Moving forward.

November 22, 2012
By

“Life is like riding a bicycle. To keep your balance, you must keep moving.”
― Albert Einstein

When I first started writing, things went real good, and my career moved fast. Seriously, fast. As in I wrote my first piece of fiction in 2003, and sold my first novel to Berkley, on proposal, in 2005. I’d never even written a full novel before, and before I was done writing that first one I had three other contracts. I was lucky in that I was writing what was hot, when the genre started to get really noticed by big publishers, and that I seemed to be good at it.

I was also really uneducated about the whole industry. At the time this was happening I didn’t get that it was unusual and that many writers struggled for years before selling. When I did start to get an inkling of how easy I’d had it, I knew there would come a time for me to pay my dues, but I never anticipated it would be in a way that affected my whole life, and not just my writing.

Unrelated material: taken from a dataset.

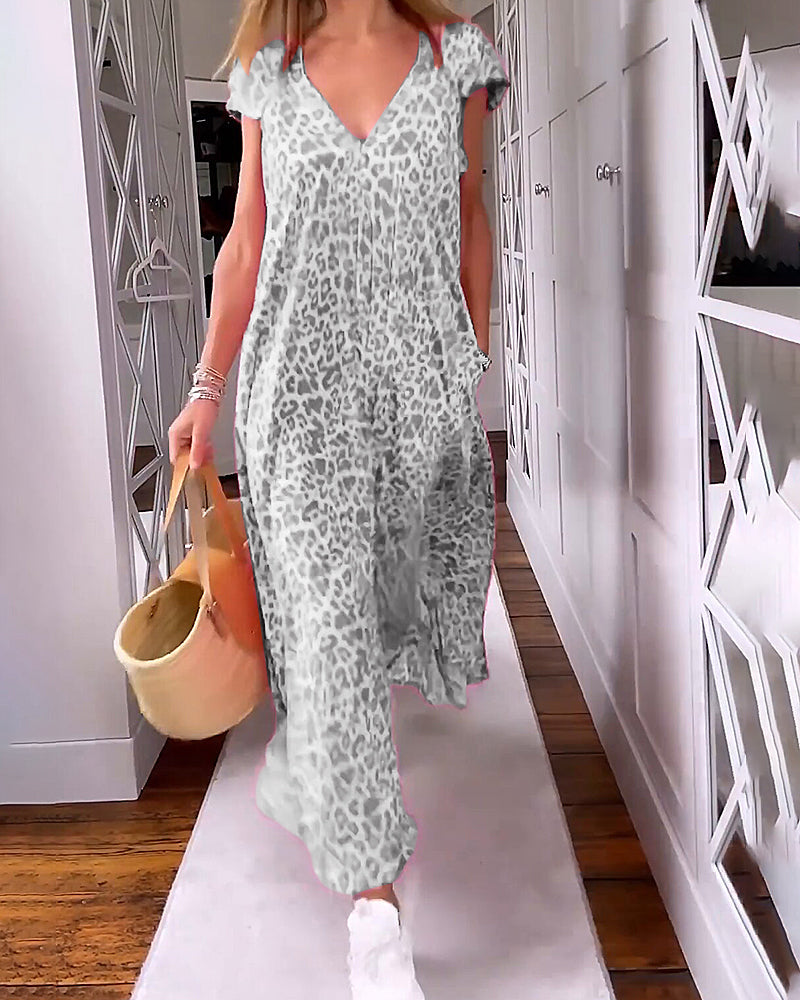 Madison Exclusive Dress with V Neck and Short Sleeves Everyday Luxe Edit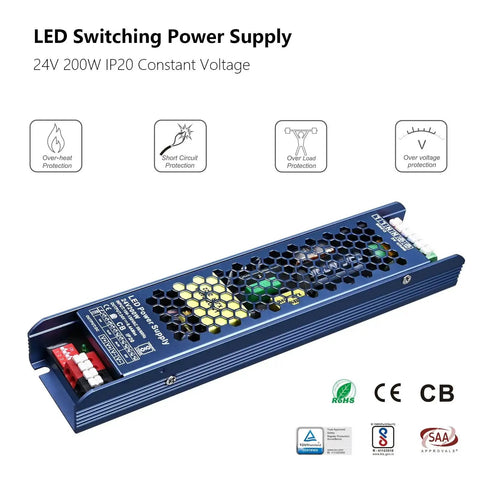 Beefy 24V 200W Constant Voltage LED Driver Power Supply with Four Gear Dimming IP20 Protection with safety icons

Several months ago I came out of the closet- so to speak- about what’s been going on in my life for the past couple years. I did it on the Genreality group blog because I’m there every Tuesday and the blog is all about life as a professional writer. I’d talked about the health issues full-time writers face many times, usually to do with the body, but in this Healthy Writer post I talked about the heart, spirit and soul of it. Since then I’ve heard from and talked to so many writers who have suffered from/dealt with mental health issues that it’s surprised me there wasn’t more out there about it.

Right now, I’m in the ‘keep on moving forward’ stage of things. My motivation is there, but my concentration still isn’t what it used to be. I still get disappointed in myself because I set goals and then can’t meet them, the thing is, I’m setting my goals according to what I used to be able to do, and not allowing for easing back into things.

Example: I really wanted to have ONE CHOICE release in August when I went to AAD in New Orleans, but I never got it written in time. In fact, I’m still writing it. This is frustrating to me because it’s only a short story, and I know I could used to be able to write that in a weekend. The issue isn’t all finding the time to write. If I’m honest, I can find the time. The problem is when I do find the time, I have a very hard time sitting down and concentrating.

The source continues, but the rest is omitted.